The rate is at just over 44.023 cents per $100 valuation.
“We’ve been able to do that because appraisal values have gone up and each year we have dropped down to the effective rate or below,” Sebesta said. “We’ve added services with new construction and added folks to sheriff’s office, road and bridge crews because we’ve seen new values added on to the rolls.”
The Angleton resident also cited the addition of toll lanes and related work to Texas 288 as one of the most beneficial projects he’s overseen.
“Brazoria County started back in 2003 talking about expanding 288,” Sebesta said. “Under my watch, it’s now under construction.
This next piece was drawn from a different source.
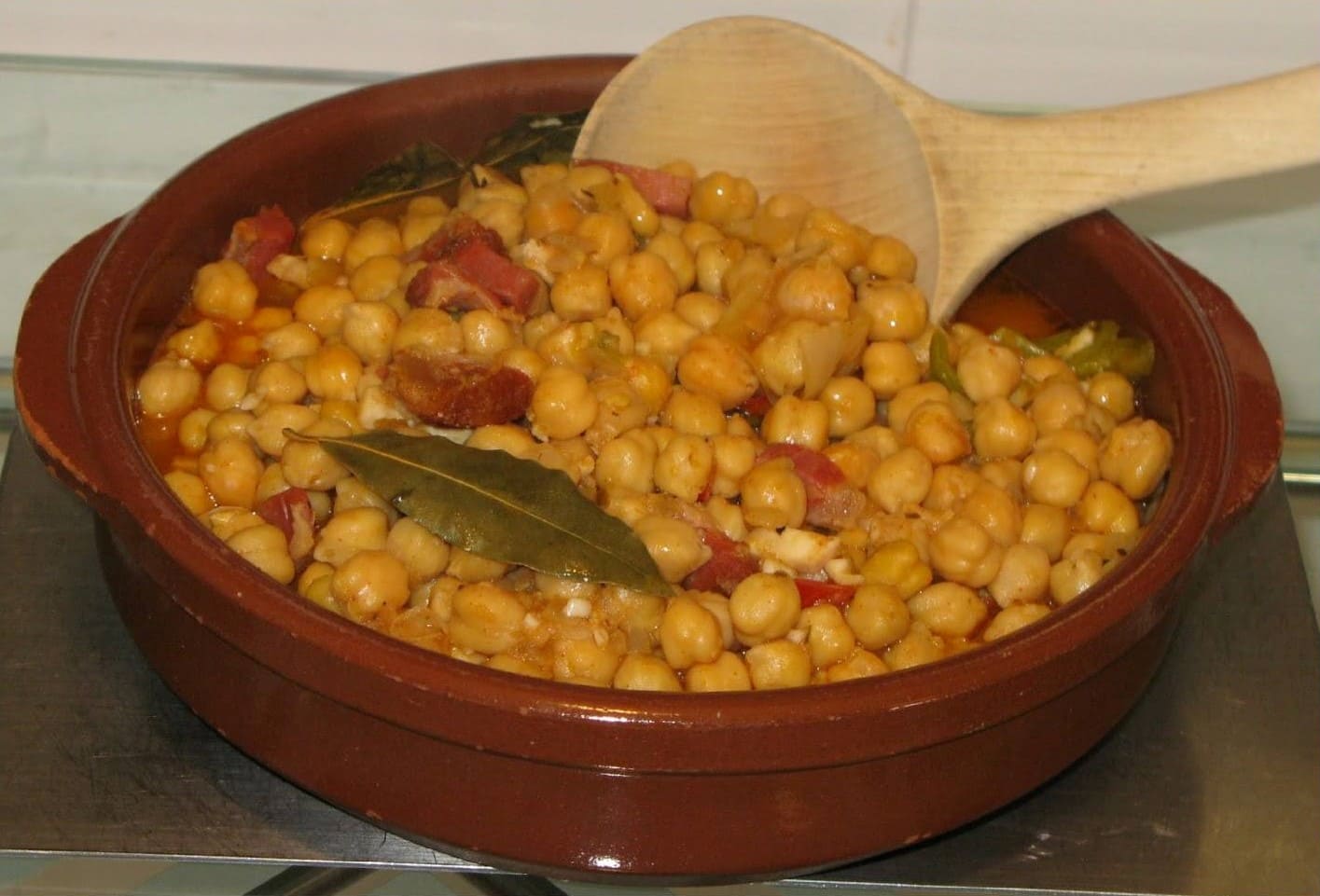 Restaurante rústico y campestre en la carretera de subida al Teide, con una cocina canaria tradicional.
By summer of 2019, it will be open to relieve congestion, which mostly serves the constituency of Brazoria County.”
The project includes four toll lanes (two each way) extending from the Harris/Brazoria County line south to County Road 58 for approximately five miles.
The incumbent has served in public office for 28 years beginning on the planning and zoning committee in Angleton in 1990. he subsequent held posts as a council member and mayor for that city then as Brazoria county commissioner.Sebesta defeated Pruett in 2014 by a margin of roughly 70 percent.
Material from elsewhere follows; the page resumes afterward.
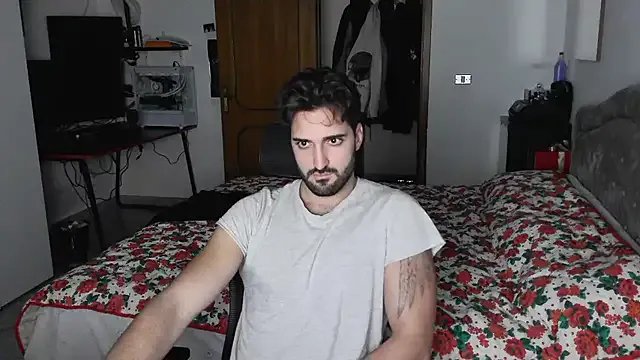 Al3xox02 on StripChat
Pruett, a retired Galena Park police chief and former administrator for that city, is offering ideas such as a tax abatement to first-time home buyers for one year to help ease the financial hurdle into home ownership.
“Brazoria County is giving millions of dollars of tax abatements to companies to attract businesses and they say it helps the economy here,” the Brazoria resident said.
“I don’t have a problem with short-term tax abatement, but why can’t we give our young homeowners a one-year tax abatement to help them. I have children and I know how hard it is to get in their first homes.”
Pruett, a Army veteran, describes himself as a conservative Democrat when it comes to fiscal responsibility and personal freedom but argues that county taxpayers aren’t getting enough in services for what they pay.
One public service he wants to see gain more funding is transportation service for those who lack independent mobility, such as the elderly, the disabled or the indigent.
“Brazoria County is a lot more rural than Harris County, and we don’t have any kind of transportation system to help the poor or to help the elderly that can’t drive,” Pruett said. “You got have to have your road projects, but you’re not talking about a lot of cost to get your seniors around.“Pruett knows he’s fighting Sebesta’s name recognition and that some may remember Pruett’s from previous controversies while he was at Galena Park.
He overcame allegations that he assaulted a jail inmate in 2005. A grand jury cleared Pruett of all charges, according to Chronicle reports.
“I have found after being in law enforcement for 25 years that justice prevails,” Pruett was quoted saying at the time. “The facts are the facts. The cold, hard facts came out in this case. The grand jury saw that I was doing my job.”
In 2014, Pruett was fired from his post as City Administrator by incoming Galena Park Mayor Esmeralda Moya. He made headlines when he was vocal about the move being a violation of the city’s charter and refused to vacate the building the day he learned of the termination.
Other city commissioners agreed with his assertion, according to a Chronicle report at the time, but he was ultimately let go. Harris County Civil Court documents show there is a civil lawsuit pending over Pruett’s severance package due the nature of his termination.
Pruitt said his advocacy for using taxpayer dollars to fund services would be a needed contrast in the Commissioners Court, which includes no Democrats.
“There’s not a single Democrat in Brazoria County,” Pruett said. “Nothing against my Republican brothers and sisters, but I think if that was mixed, I think government works better that way. I think you need that to keep everybody down the straight and narrow. It brings everybody’s views together and makes them work together. You got a majority on one side, they’ll do what they want to do. They should answer to all the people, not just part of people.”